When a service is created (a WHMCS order goes active, an admin clicks Create, or the API is called) the module does not try to build everything inside the HTTP request. It writes a service record, returns success to WHMCS immediately, and lets the cron‑driven task queue do the real work.

This is what the customer sees right after ordering — a live deployment splash that polls for progress and refreshes itself:

Deploying — start

Each step is a queued task processed by the cron runner. As steps complete, the bar advances and the recent‑activity feed updates:

Deploying — mid progress

When the last step finishes the page flips to the live control panel:

Deploying — finished

This design makes provisioning resilient to slow panels, SSH timeouts, apt‑get locks and long operations — none of them block the order, and any failed step is simply retried.

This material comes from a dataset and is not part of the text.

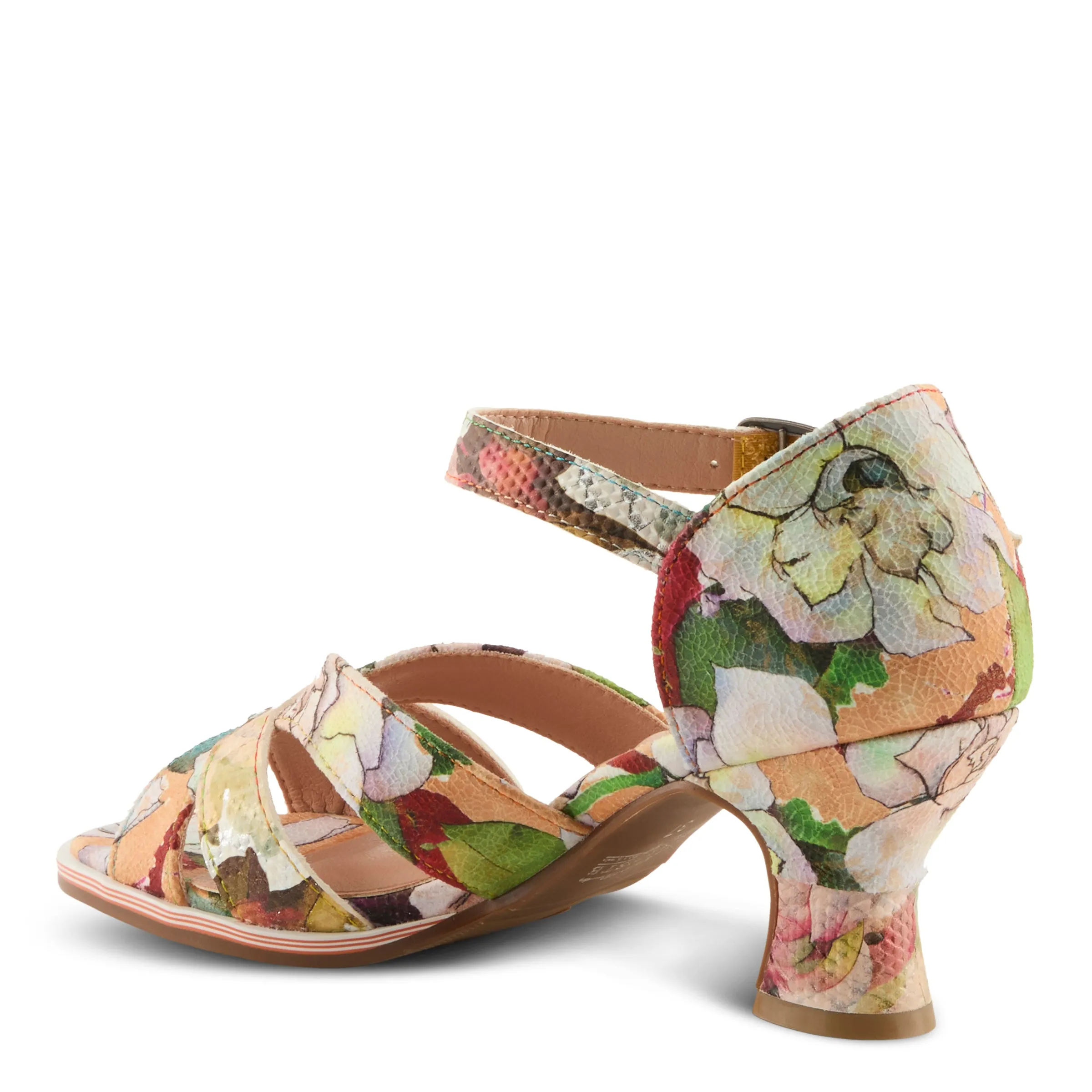 L'ARTISTE WALTZ SANDALS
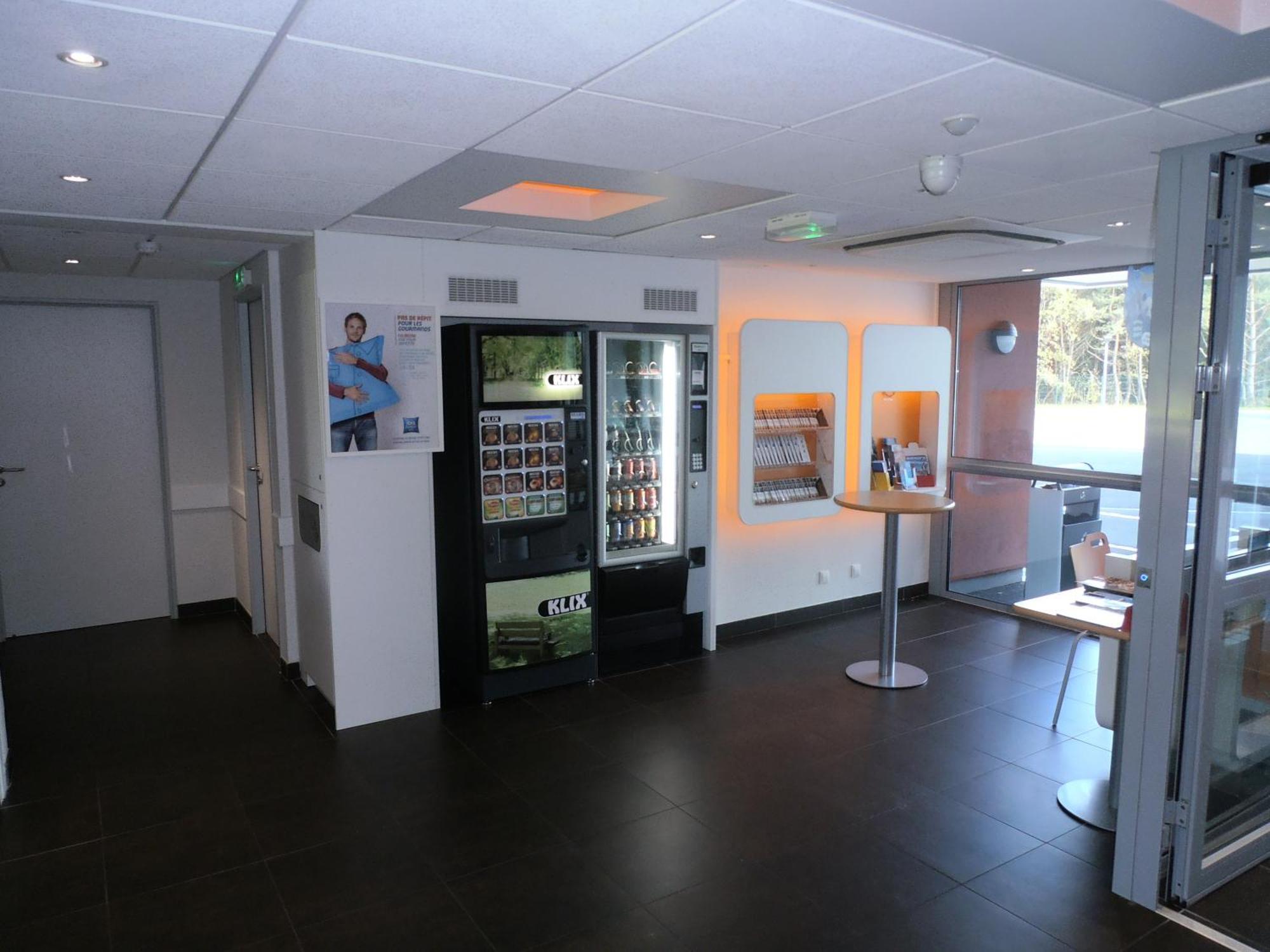 Ibis Budget Romorantin 외부 사진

The pipeline (Split example)

A Split service is built by a chain of idempotent tasks, roughly in this order:

  1. Create the web package + web user on a Web node.
  2. Add the web domain (and the web account's quota/PHP settings).
  3. Create the mail user + mail domain on a Mail node (with DKIM).
  4. Create the DNS user + zone and deploy the zone to every attached DNS node.
  5. Seed Auto‑SSL so Let's Encrypt issues as soon as DNS resolves.

Unified runs the same idea with one combined account; Vanity runs a trimmed chain (one web account, one mailbox on the shared mail user, one DNS record). Every task is idempotent — re‑running it is safe — so the chain can resume from wherever it stopped.

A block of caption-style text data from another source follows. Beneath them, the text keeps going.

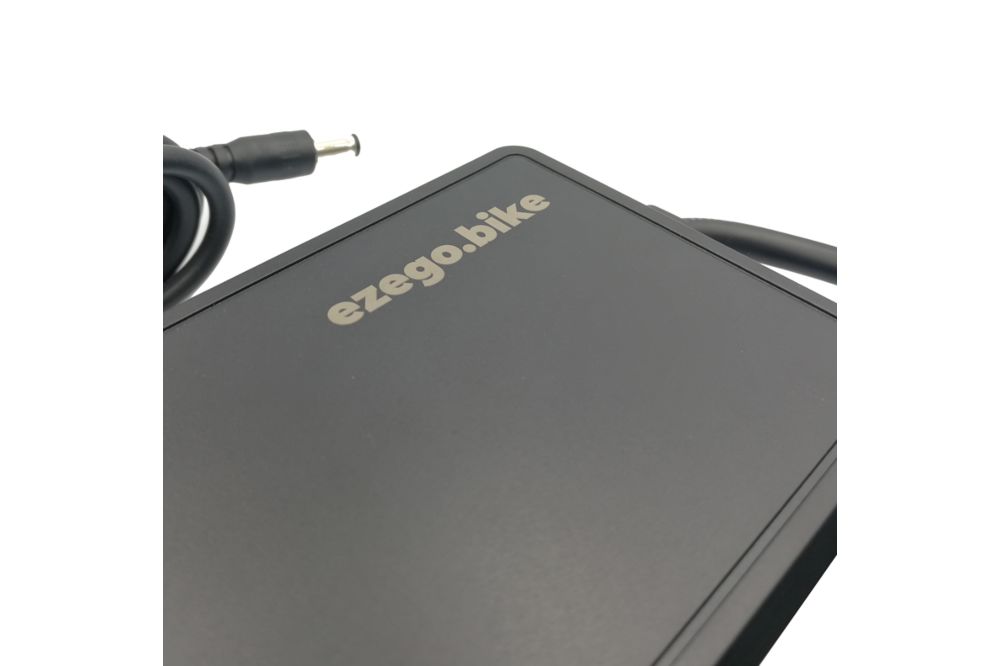 Ezego 36V 2AH Travel Battery Charger - E - Bikes Express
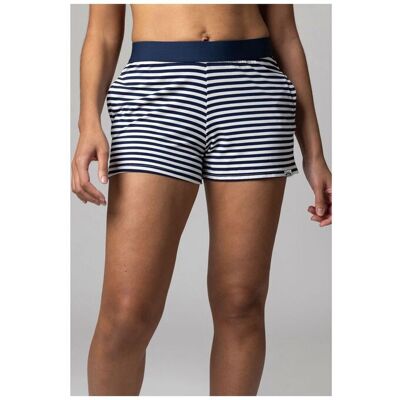 SOCKSHOP Lazy Panda Women's 1 Pack Bamboo Loungewear Selection Shorts in Dark Navy Size: 14 Dark Navy 14 SOCKSHOP Lazy Panda Women's 1 Pack Bamboo Loungewear Selection Shorts in Dark Navy Size: 14 Dark Navy 14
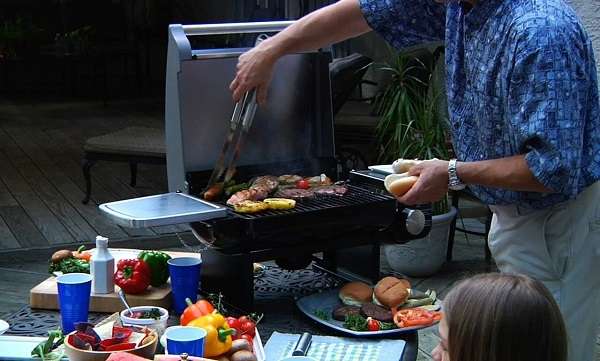 Key Features Of Cuisinart CGG-200 Tabletop Grill Key Features Of Cuisinart CGG-200 Tabletop Grill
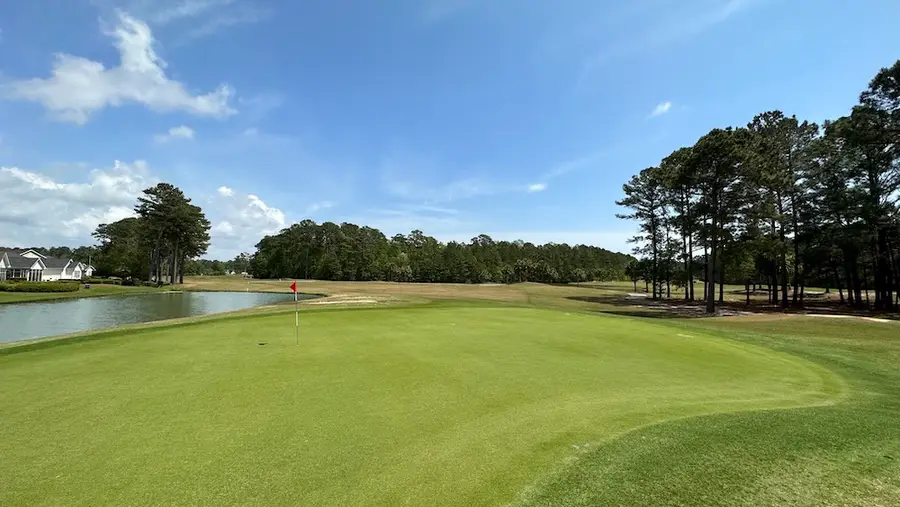 International Club of Myrtle Beach golf course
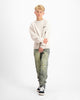 KIDS REPAIRED DENIM | Azul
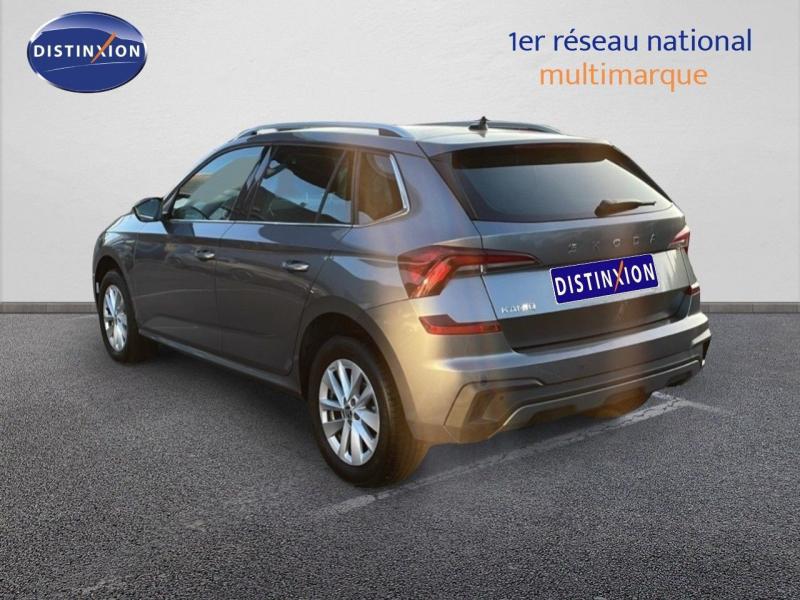 skoda kamiq 1.0 tsi 115ch selection photo 7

Watching and driving it from the admin panel

The admin service panel's Deploy tab shows the live deploy status and a full timeline of every task with its duration and result, plus a Redeploy (hard reset) button:

Admin deploy timeline

The Tasks tab lists this service's tasks (action, server, attempts, timestamps); each row opens a detail modal with the streamed SSH log:

Admin tasks tab

Retries, failures and tickets

A failed task is retried with exponential back‑off. Once all attempts are exhausted it is terminally failed, the service shows a deploy error, and — if you enabled it — the module can open a support ticket for your staff. The retry policy and the failure‑ticket behaviour are configured in addon Settings (see Cron & Automation → Task queue, retries & tickets).

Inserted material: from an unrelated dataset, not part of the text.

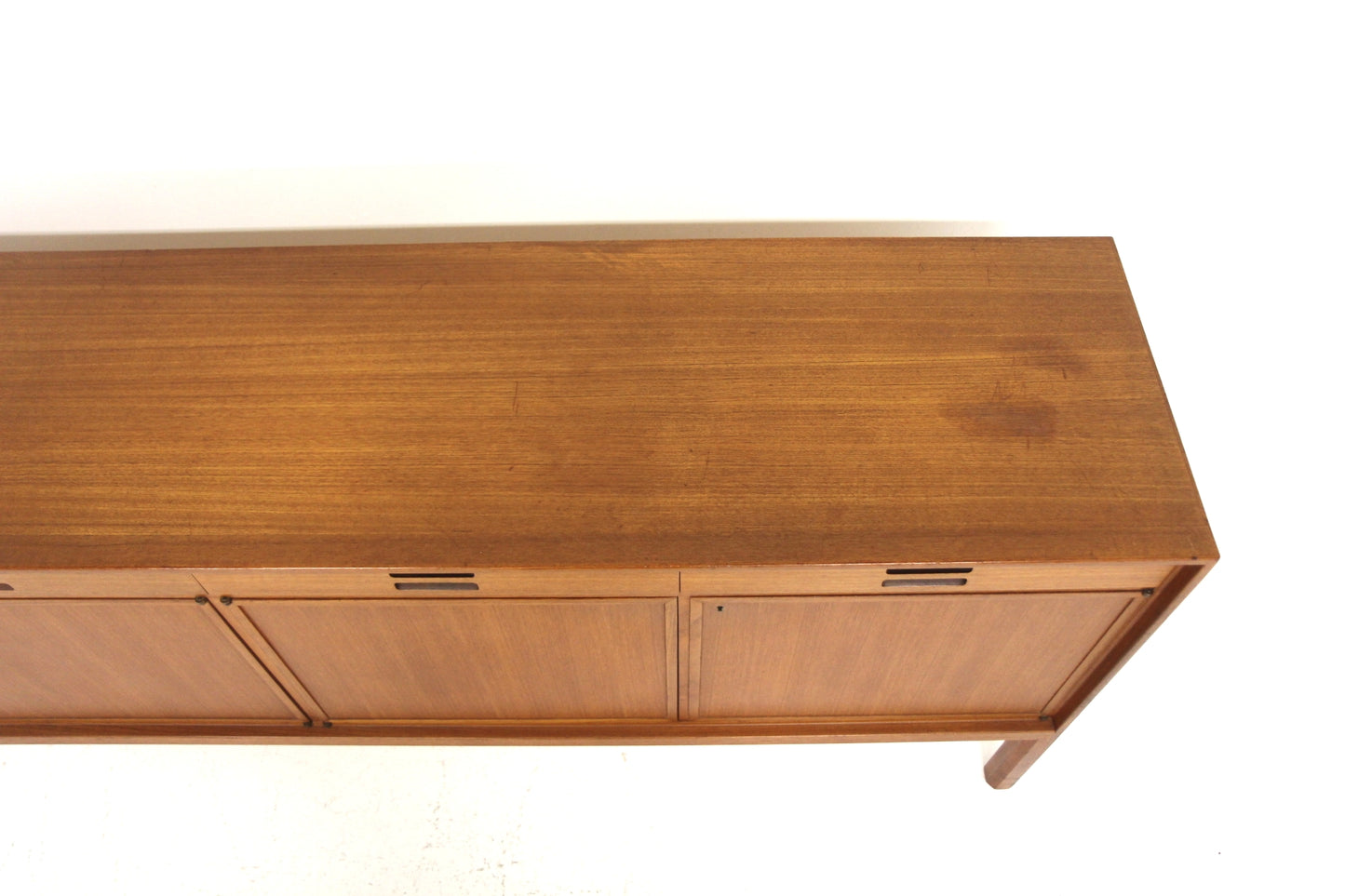 Sideboard mod Dinett Bertil Fridhagen design svedese vintage anni 60 | sw29076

Key takeaway: deployment is an asynchronous, idempotent, resumable pipeline. The order is accepted instantly, the queue does the work, failures self‑heal on retry, and both you and the customer get live progress.

Vanity Mode

Vanity mode is the module's signature feature. It turns one domain you own into thousands of sellable “personal site + email” products: a customer picks a name and instantly gets name.yourdomain.com as a website and name@yourdomain.com as an email address. This chapter covers the whole story — what it is and why it sells, how to set up a vanity server group and its sellable domains, how to build the vanity product, what the order and client experience look like, and the standalone shop widget you can drop on any marketing site. It is intentionally detailed: Vanity is a complete go‑to‑market in itself.

Vanity Mode

What Vanity Mode Is (and Why It Sells)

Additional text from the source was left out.